Ramchal’s Introduction (Part 3)

People who value Torah wouldn’t deny the fact that we’re each bidden by G- d to draw close to Him, nor could they claim that the idea isn’t an essential teaching of the Torah. “For were you to ask” them yourself, Ramchal offers, “they would each surely affirm that that was essential” to the Jewish Faith, and that none of us should avoid it. So why do so few of us concentrate on it in fact, and thus settle for spiritual mediocrity in the process?

But it goes back to what Ramchal said at the beginning; it’s simply because the idea is so straightforward and inarguable that many otherwise fine and fully-observant people just don’t dwell on it. But there’s a price to pay for that negligence, no matter how innocent, as we’ll soon see.

Interestingly enough, as Ramchal says elsewhere, what has us overlook this fundamental element of our faith is simply the fact that we don’t concentrate on the sorts of texts that feature it.

He asserts that our people have been essentially ungrounded in our spirituality ever since the Holy Temple was destroyed and the greater part of our wisdom was snatched away from us. As a consequence of that we’ve stumbled about in the dark haphazardly, and are seemingly no longer able to see the light.
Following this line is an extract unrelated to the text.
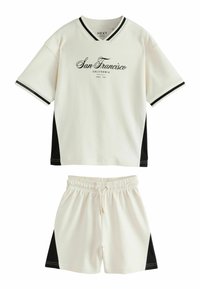 Шорты Шорты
He offers (and many others agree) that the only solution is for us to delve into the heart and soul of the Torah, its mysteries; for it’s there that G-d and the sorts of things we’d need to do to draw close to Him are discussed. He contends that our doing that will enliven our spirits once again (Ma’amar Vichuach Choker u’Mekubal, pp. 32-34) and will lead us onto the path of piety, which is the thrust of this work.
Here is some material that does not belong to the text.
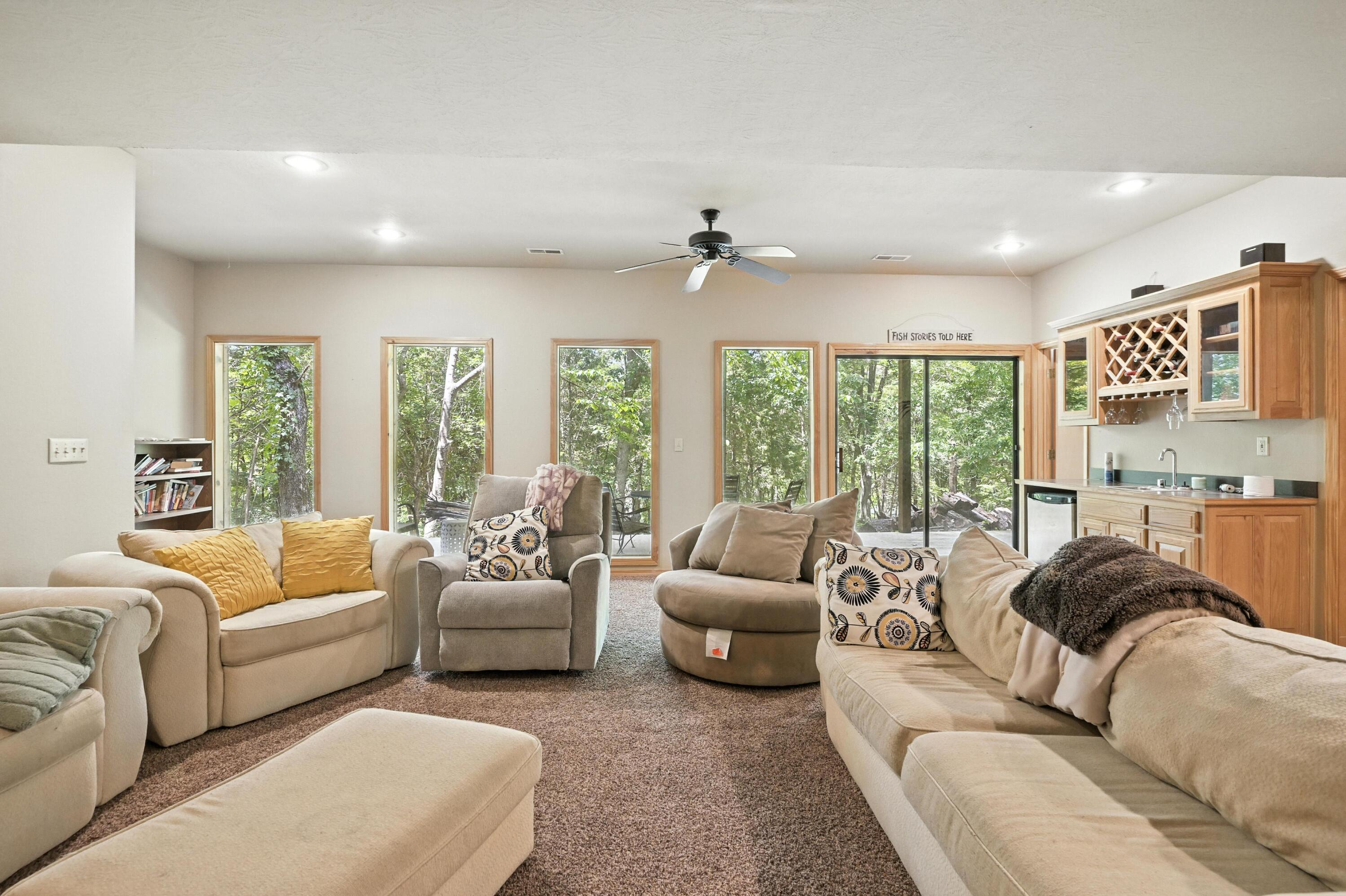 22562 Air Park Drive Property Photo 32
The price we pay for not delving into all this, he stresses, is the fact that it has nearly gone by the waysides. In fact, “the studying of … the holy books concerning (all this) has been left in the hands of those of a less subtle mind”. And “it has reached the point where when one sees someone trying to become pious, one can’t help but assume that he’s of a coarser nature” -- fanatical, perhaps; or non-conventional and anti- social, as we’d put it today.

And as a result, neither the more conventional bright and sensitive Jewish souls nor the “coarser” ones get it right -- the former because they don’t expose themselves to such things, and the latter because they go about it wrong. For “it has come to appear to most that piety is dependent merely upon the recitation of many Psalms and long, convoluted confessions; upon assuming difficult fasts” and upon all sorts of extremes that simply don’t “sit well with reason or the intellect.”

So he’d advise us that we’d need to step back and reconsider our commitments; and to determine for ourselves how much of a role G-d and reasoned spiritual excellence play in our lives.